PET images were coregistered to each participant’s T1-weighted MRI images using a six-parameter mutual information algorithm (FLIRT; FSL 3.2, Analysis Group, FMRIB), which was then coregistered to the MRI template by nonlinear transformation using Bioimagesuite (version 2.5). Regions of interest (ROIs) were delineated using the Anatomical Automatic Labeling (AAL) atlas(56). The primary ROIs were regions of the PFC – specifically, dlPFC, vmPFC and OFC – selected for their relevance to the pathophysiology of both BD and MDD. Gray matter segmentation was conducted using FSL-FAST, and a gray matter mask was applied to the ROIs. Given the lack of a reference region for mGluR5 targets(57), VT (volume of distribution – ratio of radioligand concentration in ROI to the concentration in plasma at equilibrium) was used as the outcome measure. VT was estimated by the equilibrium analysis method described previously(53) and a venous plasma input function(52).

Statistics

Analysis of variance (ANOVA) with Least Significant Difference (LSD) post hoc tests or Chi2 tests were used to assess differences between demographic and radiotracer characteristics across groups. Group differences in mGluR5 availability ([18F]FPEB VT) were assessed using a multivariate ANOVA (MANOVA) with OFC, vmPFC, and dlPFC VT as the dependent variables, and diagnosis (HC, MDD, BD) as the independent variable. A secondary MANOVA differentiating BD-euth and BD-dep subjects was used to explore the possible effect of mood state on mGluR5 availability. Sphericity of the data was checked by Mauchly’s test and corrected by the Greenhouse – Geisser procedure if violated. Homogeneity of variances was checked by Levene’s test. Effect size was calculated and reported as Cohen’s d (d). Pairwise comparisons were subsequently carried out to determine VT differences between groups; we provide both LSD and Bonferroni post-hoc test results, punadj and padj, respectively. To evaluate associations between mGluR5 availability and clinical and demographic variables, which were normally distributed based on Shapiro-Wilk tests, we computed Pearson’s r. Findings were considered significant at the p < 0.05 level. Power calculations were performed to confirm that our analyses were appropriately powered; additional details and results can be found in the Supplemental Information.

Results

Between group differences in mGluR5 availability

The omnibus MANOVA evaluating mGluR5 availability ([18F]FPEB VT) across HC, MDD and BD groups was significant: F6,114=2.266, p=0.042, d=0.214 (Figure S1). The main group effect was significant for all three regions examined (dlPFC: F2,59=5.778, p=0.005, d=0.328; vmPFC: F2,59=4.237, p=0.019, d=0.252; OFC: F2,59=3.866, p=0.026, d=0.232). Post-hoc indicated significantly lower mGluR5 availability in BD compared to HC in dlPFC (punadj=0.010, padj=0.029), vmPFC (punadj=0.027, padj=0.080) and OFC (punadj=0.040, padj=0.121), and lower than MDD individuals in dlPFC (punadj=0.004, padj=0.013), vmPFC (punadj=0.013, padj=0.038) and OFC (punadj=0.015, padj=0.045). No significant differences were observed between MDD and HC individuals.

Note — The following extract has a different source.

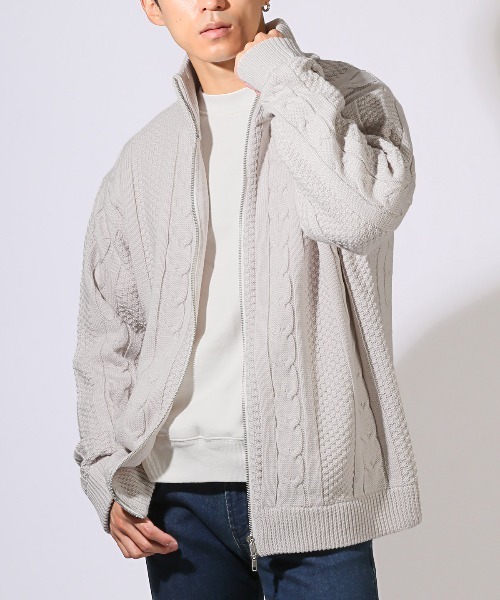 LUXSTYLE(ラグスタイル)の「アラン柄ダブルジップニットジャケット(カーディガン/ボレロ・メンズ・ブラック/ライトグレー・M/L)」の1枚目の写真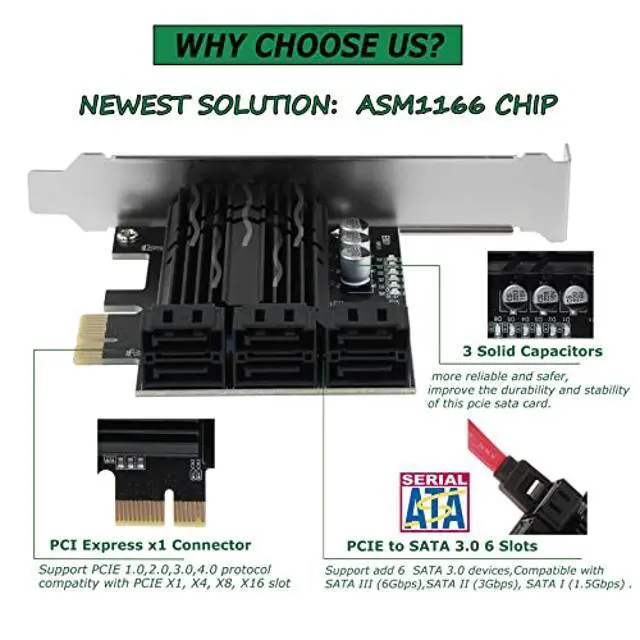 Alt view image 8 of 10 - ASM1166 PCIe X1 SATA Card 6 Ports, Non Raid, Joylifeboard PCIE SATA III Controller Expansion Card 6 Gbps, Support 6 SATA 3.0 Devices, PCIe SATA Card with 6 SATA Cables+Thin Bracket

Next, we broke down the BD group according to mood state and examined mGluR5 availability across 4 groups (HC, MDD, BD-euth, and BD-dep)(Figure 1). The omnibus F-test was not significant (F9,136.44=1.565, p=0.132, d=0.154), likely due to the fact that BD-euth individuals did not differ in mGluR5 availability from BD-dep group across any ROIs. However, across ROIs, BD-dep individuals had significantly lower mGluR5 availability than the HC group (OFC: punadj=0.043, padj=0.258. vmPFC: punadj=0.031, padj=0.184. dlPFC: punadj=0.015, padj=0.091) and MDD group (OFC: punadj=0.018, padj=0.107. vmPFC: punadj=0.016, padj=0.095. dlPFC: punadj=0.007, padj=0.044). The BD-euth group had significantly lower mGluR5 availability in dlPFC relative to the MDD (punadj=0.037, padj=0.222). Covarying for medication status (Tables S2 and S3) or venous vs. arterial-derived input function (Tables S4 and S5) for each model did not change the results. Data for additional brain regions (i.e., those not included in the primary analyses) and univariate tests for group differences are provided in the SI (Table S6 and S7).

Figure 1.

Figure 1.

MANOVA of [18F]FPEB VT within PFC subregions across HC (black), MDD (orange), and BD-dep (purple) and BD-euth (teal) groups. Brackets indicate p-values from independent-sample t-tests. Closed circles represent unmedicated subjects, and open circles indicate subjects taking any psychotropic medication (see table S1). Brain images are parametric [18F]FPEB VT images overlaid on structural MRI in template space from representative HC, MDD, BD-dep and BD-euth individuals.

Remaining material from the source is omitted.